Nos últimos anos tem se assistido aos acordos de leniência, que são ridículos e irrisórios. Empresas envolvidas em dezenas de bilhões em corrupção são perdoadas ao assinarem acordos para pagar em 20 anos menos de 5% do montante roubado! Já um contribuinte é penalizado a pagar integralmente, com correção monetária, multas de 100% e juros. A leniência é absurdamente irrisória, desproporcional em relação a infrações de menor gravidade e deixa dúvidas se os órgãos que tratam os acordos são vulneráveis aos esquemas de corrupção.

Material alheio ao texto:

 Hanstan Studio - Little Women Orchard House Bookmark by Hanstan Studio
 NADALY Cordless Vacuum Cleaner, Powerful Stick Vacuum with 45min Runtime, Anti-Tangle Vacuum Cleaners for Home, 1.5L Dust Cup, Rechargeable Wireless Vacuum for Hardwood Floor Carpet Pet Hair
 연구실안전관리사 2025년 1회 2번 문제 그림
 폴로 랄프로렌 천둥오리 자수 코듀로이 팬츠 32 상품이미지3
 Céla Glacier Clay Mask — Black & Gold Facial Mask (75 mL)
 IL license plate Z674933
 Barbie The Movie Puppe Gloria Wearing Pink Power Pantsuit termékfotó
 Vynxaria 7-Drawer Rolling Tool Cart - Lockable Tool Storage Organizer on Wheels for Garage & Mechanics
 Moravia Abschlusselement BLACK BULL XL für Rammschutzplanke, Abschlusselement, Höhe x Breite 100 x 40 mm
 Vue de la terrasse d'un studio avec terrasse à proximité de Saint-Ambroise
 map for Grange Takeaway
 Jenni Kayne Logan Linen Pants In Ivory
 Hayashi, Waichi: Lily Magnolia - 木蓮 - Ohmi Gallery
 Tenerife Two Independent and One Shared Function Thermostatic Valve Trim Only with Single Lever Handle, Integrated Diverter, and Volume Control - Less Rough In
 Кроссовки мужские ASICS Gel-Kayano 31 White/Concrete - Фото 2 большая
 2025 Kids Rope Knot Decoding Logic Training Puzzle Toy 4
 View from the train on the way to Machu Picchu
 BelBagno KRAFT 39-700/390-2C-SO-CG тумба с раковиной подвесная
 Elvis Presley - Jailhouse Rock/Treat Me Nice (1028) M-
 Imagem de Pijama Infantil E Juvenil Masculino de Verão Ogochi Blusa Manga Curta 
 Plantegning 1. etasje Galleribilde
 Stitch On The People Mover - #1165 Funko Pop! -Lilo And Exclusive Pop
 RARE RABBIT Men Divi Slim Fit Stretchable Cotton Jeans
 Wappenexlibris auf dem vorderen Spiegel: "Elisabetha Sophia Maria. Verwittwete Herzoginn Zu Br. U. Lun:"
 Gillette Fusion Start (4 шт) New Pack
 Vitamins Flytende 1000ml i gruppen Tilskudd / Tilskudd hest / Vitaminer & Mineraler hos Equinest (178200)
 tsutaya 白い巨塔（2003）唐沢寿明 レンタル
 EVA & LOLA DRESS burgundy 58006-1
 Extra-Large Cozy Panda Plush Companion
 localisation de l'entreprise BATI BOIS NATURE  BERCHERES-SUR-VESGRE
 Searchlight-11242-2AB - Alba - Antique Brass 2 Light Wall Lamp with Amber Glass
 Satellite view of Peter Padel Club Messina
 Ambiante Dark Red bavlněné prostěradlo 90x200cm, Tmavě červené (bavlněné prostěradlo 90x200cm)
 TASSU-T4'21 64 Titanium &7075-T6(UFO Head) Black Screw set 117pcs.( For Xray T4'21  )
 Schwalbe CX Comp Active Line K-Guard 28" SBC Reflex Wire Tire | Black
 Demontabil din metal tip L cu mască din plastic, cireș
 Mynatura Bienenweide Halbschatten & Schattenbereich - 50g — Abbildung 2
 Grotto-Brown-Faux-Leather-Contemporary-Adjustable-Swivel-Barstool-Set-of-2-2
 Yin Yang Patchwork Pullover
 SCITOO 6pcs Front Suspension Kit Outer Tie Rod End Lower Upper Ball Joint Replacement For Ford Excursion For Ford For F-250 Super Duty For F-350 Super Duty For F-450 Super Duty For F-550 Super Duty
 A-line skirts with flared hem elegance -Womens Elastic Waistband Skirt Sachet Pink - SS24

Num país decente, pessoas que aprontaram o que foi revelado ficariam presas por dezenas de anos, teriam todos os bens confiscados e leiloados para o melhor ofertante.
As quadrilhas se formam com os nomeados pelo governante. No enredo entra uma espessa nuvem ilusória de marketing, concede-se importância e prioridade para obras e investimentos que têm apenas o fito de enriquecer políticos e seus financiadores de campanha. O mecanismo de assalto generalizou-se com a participação de grupos poderosos.
Enumerar os métodos de arrombamento dos cofres públicos ocuparia muitas páginas. É mais fácil dizer o que se salvou nesta época de degeneração.
Quase nada escapou à exploração, em certos municípios e Estados conclui-se que tudo foi loteado, superfaturado, sugado, surrado e desperdiçado, como lavouras atacadas por nuvens de gafanhotos.
Mas como pôde se chegar a isso? Tudo começa com um primeiro ato, que determina a perda de autoridade do governante.
Aquele que fecha os olhos aos pequenos crimes um dia passará a fechar aos grandes, e pior é aquele governante que, por meio dos seus atos de improbidade, perde autoridade moral e fica refém dos exploradores insaciáveis.
Estados e prefeituras que mergulharam na falência seguiram ladeira abaixo num inexorável apodrecimento moral.
Apesar de uma exemplar operação Lava Jato, detestada pelos partidos que tentam enjaulá-la, a força do mal persiste debaixo das cinzas e ameaça, como fênix, reacender-se. Exatamente como aconteceu com as CPIs dos anos de 1993 e 1994, o expurgo de Fernando Collor e a confraria dos “Sete Anões”, que no Congresso Nacional montaram uma máquina de corrupção junto com as mesmas empreiteiras da Lava Jato. Não foi suficiente eliminar uma dezena de políticos. Salvaram-se figuras como Geddel Vieira Lima, encrencadas por pequenas propinas e que, em 2018, 24 anos depois, não conseguiram explicar os R$ 50 milhões escondidos num apartamento em Salvador.
Embora tenha acontecido a maior renovação do Congresso e das Assembleias estaduais, o ano de 2019 não pode ser visto ainda com um ano que virou uma página.
O vírus da malandragem está vivo e resistente, pronto para outras desgraças.